How to protect key in software

Question

I need to encrypt/decrypt data from my software by AES, the problem is how to make the AES key secure, there is no HSM, should I hard code the key in my code? It seems that a hacker can read the key data by reverse engineering the software.

Answer 1

If your software needs to decrypt the data and you want to prevent even those with physical access from decrypting without your software, you are basically out of luck. It is impossible to achieve purely in software, since even if a good white-box algorithm existed, an attacker could copy it into their software and be able to decrypt (without directly knowing the key, but who cares).

However, if you are willing to ignore those attacks and only protect the data against those who do not have access to the exact device and its software, you should use device specific keys, not hardcoded ones.

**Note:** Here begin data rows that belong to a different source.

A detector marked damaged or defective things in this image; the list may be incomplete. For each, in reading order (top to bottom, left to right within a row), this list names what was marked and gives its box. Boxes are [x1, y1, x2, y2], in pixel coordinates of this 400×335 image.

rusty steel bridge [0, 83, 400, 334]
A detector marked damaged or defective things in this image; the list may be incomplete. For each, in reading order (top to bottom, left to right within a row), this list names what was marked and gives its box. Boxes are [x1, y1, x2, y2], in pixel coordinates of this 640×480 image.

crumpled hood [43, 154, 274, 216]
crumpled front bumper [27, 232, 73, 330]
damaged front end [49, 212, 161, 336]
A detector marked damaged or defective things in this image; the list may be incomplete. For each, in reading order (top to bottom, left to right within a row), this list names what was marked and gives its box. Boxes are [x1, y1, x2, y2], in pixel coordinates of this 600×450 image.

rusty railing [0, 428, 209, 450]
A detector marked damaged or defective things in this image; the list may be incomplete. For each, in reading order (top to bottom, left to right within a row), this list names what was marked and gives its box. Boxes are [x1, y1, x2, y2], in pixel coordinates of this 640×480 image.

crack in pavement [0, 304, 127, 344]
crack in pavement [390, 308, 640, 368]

That way even if an attacker would extract the key from their device, they would not be able to use that to attack other devices.

Answer 2

What you are looking for is called white-box cryptography.

In short white-box crypto aims to make an implementation of a cypher (for example AES) in such a way that it is impossible for an attacker to extract the key, even if the attacker (the user of the computer) has access to the source code and a debugger.

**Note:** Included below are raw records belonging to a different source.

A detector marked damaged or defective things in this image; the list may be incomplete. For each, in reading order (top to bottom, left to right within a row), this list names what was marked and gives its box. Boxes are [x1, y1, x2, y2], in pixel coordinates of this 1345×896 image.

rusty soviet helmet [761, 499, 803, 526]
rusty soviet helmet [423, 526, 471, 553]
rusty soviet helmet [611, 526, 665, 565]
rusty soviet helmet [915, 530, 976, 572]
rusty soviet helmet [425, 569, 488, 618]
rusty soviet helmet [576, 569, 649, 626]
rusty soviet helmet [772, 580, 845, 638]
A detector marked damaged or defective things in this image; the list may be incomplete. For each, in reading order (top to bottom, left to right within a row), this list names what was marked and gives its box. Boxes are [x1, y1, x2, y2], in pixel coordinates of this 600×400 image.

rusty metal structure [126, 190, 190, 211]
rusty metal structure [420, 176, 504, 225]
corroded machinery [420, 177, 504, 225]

Up till now all academic white-box implementations have been broken, so it's not really possible to do this, but at least it has become significantly harder for the attacker to do so.

For more information on white box crypto, visit the site of Brecht Wyseur: http://www.whiteboxcrypto.com/, or read the article by James Muir: https://scholar.google.nl/scholar?q=A%20Tutorial%20on%20White-box%20AES (for the technical details of the white-box aes implementation).

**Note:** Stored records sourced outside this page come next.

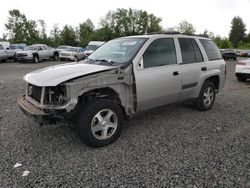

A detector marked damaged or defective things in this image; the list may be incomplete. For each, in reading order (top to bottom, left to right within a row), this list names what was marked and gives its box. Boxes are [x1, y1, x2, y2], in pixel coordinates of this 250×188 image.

crumpled hood [23, 63, 117, 86]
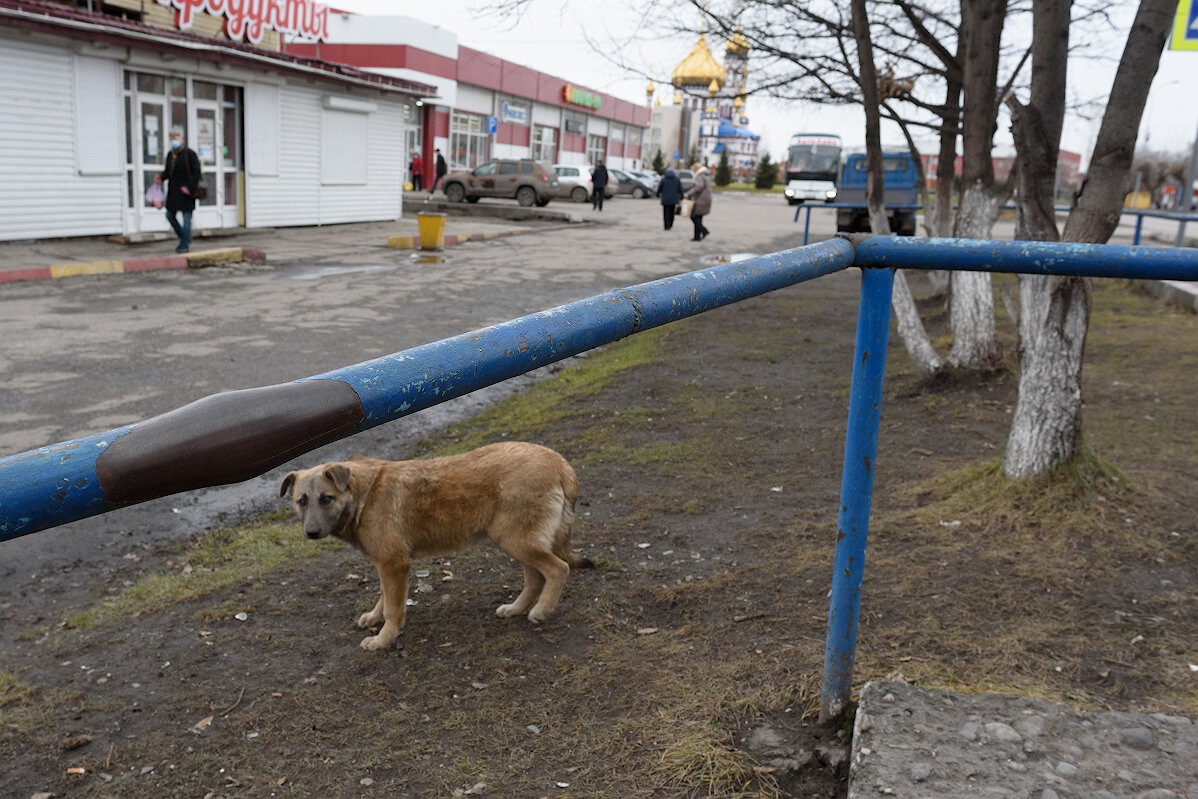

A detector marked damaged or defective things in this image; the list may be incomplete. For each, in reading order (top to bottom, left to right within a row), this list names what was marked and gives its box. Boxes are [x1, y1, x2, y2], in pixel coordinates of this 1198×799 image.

rusted blue metal barrier [2, 236, 1198, 724]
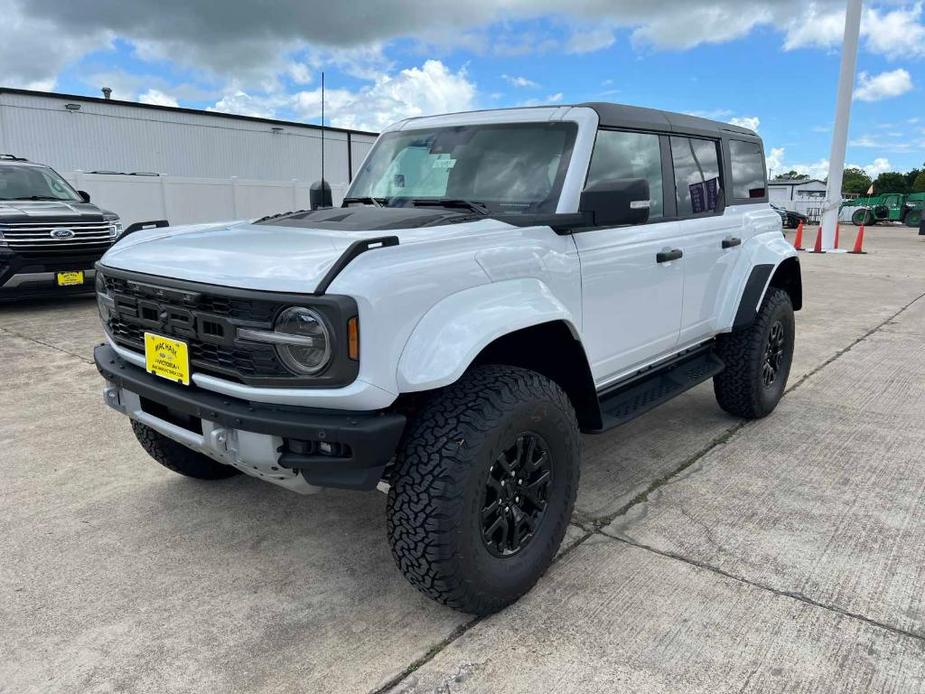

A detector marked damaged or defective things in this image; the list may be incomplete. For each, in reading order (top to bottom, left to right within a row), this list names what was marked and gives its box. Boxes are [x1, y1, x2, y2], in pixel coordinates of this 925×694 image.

pavement crack [0, 328, 94, 368]
pavement crack [604, 532, 924, 648]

Edit: I read in your comment that you need both encrypt and decrypt. If you need to encrypt and decrypt with the same key, this will never be secure in the white-box context, because rather then to try and get the key, the attacker can just feed it's (encrypted) input in the decryptor and he has all he ever needs (and vice-versa). So you will need to have two keys (and thus two whiteboxes) in this case.

Answer 3

You cannot hide the algorithm, because the algorithm is the code - if your code has to be able to decode the data, then you are giving your attacker machine readable code.

The key has to be accessible, directly or indirectly, to the code.

And finally, if you decrypt the data, then an attacker can listen to the output of your decryption code, which means that no amount of obfustication or hiding will help you.

The only way to stop an attacker decrypting your data, is to make it so the code can't decrypt it without help - for example, by a trusted operator putting a key or partial key in at runtime, or if some of the data is controlled by a trusted (hardware) module. Of course, if the trusted hardware module then hands the data back to the operating system, then you're no better off.